--- WHAT THE TASK REQUIRES ---
Return exactly the lines of the records below, starting at the line that contains "2. Arkeometri Sonuçları Toplantısı" and ending at the line that contains "ビーバップハイスクール 卒業アルバム 校章 制服ボタン 生徒手帳 写真", with both of those lines kept.

--- MATERIAL SUPPLIED ---
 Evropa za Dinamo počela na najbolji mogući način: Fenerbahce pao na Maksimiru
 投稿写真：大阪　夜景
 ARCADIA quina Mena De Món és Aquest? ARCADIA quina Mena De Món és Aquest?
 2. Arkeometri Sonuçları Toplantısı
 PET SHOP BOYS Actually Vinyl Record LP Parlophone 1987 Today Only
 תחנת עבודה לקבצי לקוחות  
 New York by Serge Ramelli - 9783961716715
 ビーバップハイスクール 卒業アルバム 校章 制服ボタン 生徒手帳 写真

---

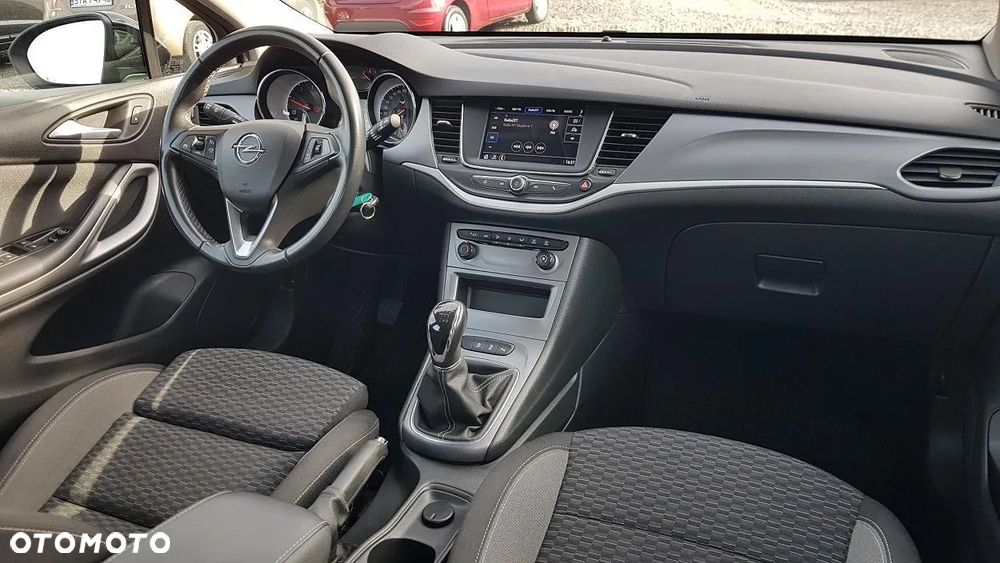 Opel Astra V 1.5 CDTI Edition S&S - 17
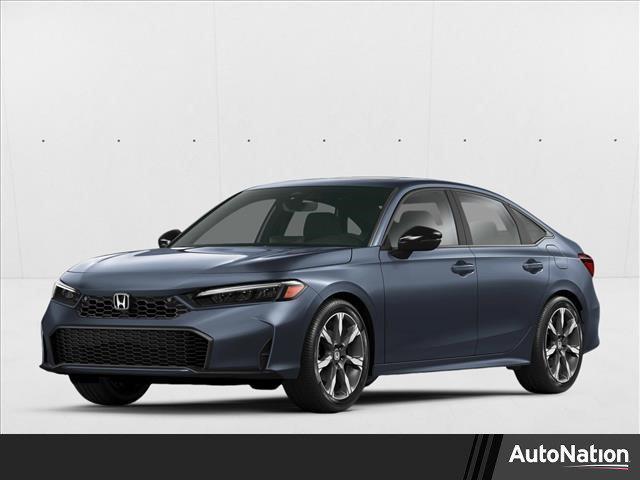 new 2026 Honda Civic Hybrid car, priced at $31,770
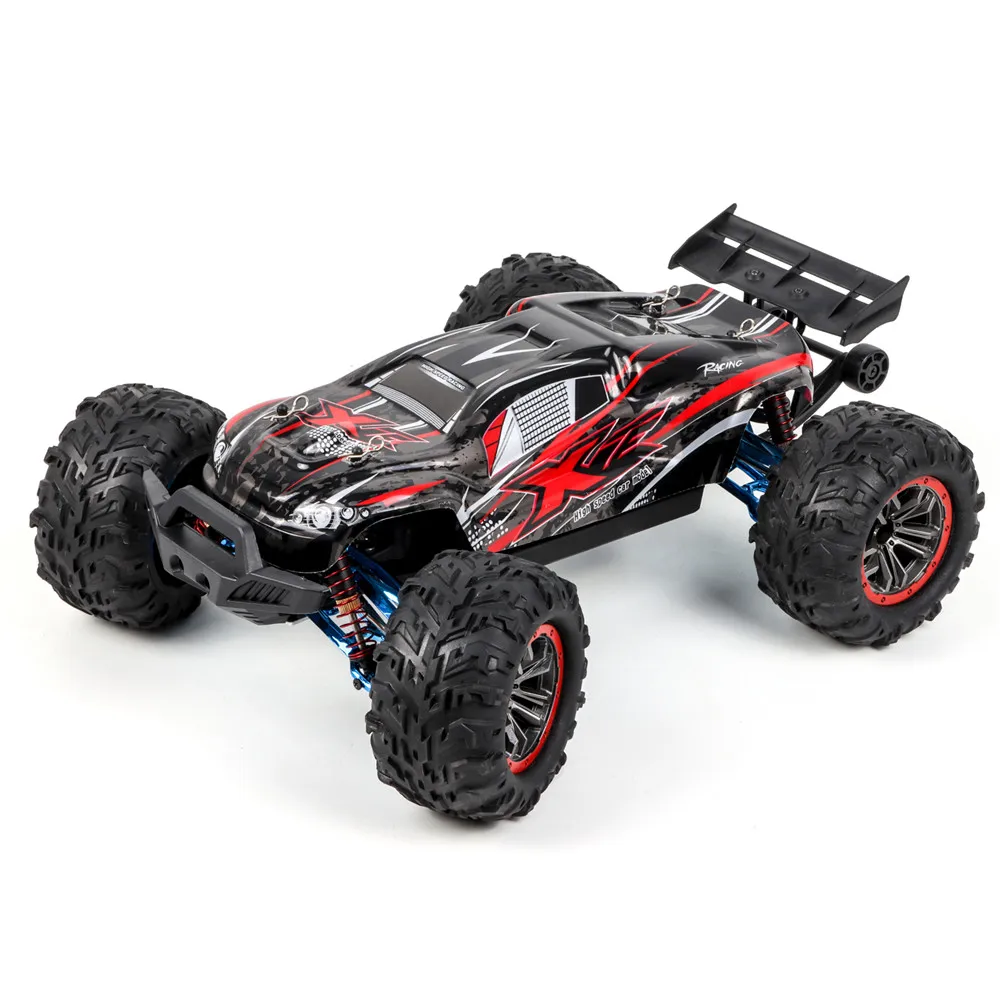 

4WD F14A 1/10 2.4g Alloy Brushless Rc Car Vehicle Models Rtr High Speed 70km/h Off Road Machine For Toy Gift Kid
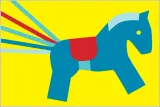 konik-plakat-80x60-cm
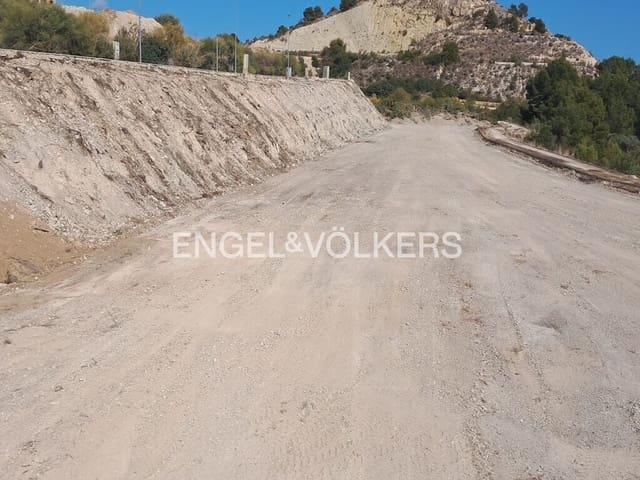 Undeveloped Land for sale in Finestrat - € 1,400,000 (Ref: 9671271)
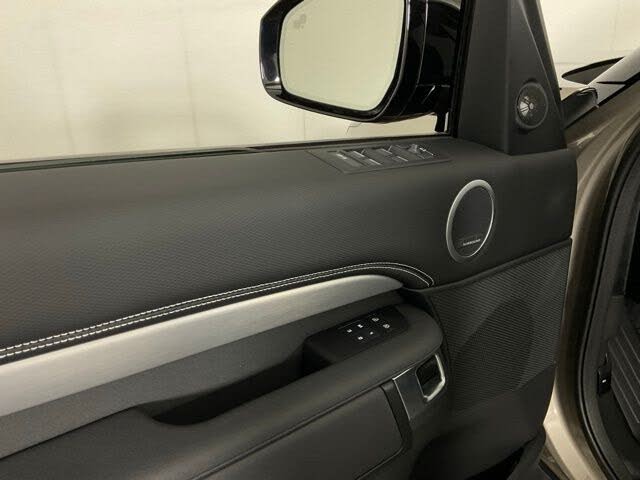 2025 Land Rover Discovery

--- ANSWER TO THE PROBLEM ---
 2. Arkeometri Sonuçları Toplantısı
 PET SHOP BOYS Actually Vinyl Record LP Parlophone 1987 Today Only
 תחנת עבודה לקבצי לקוחות  
 New York by Serge Ramelli - 9783961716715
 ビーバップハイスクール 卒業アルバム 校章 制服ボタン 生徒手帳 写真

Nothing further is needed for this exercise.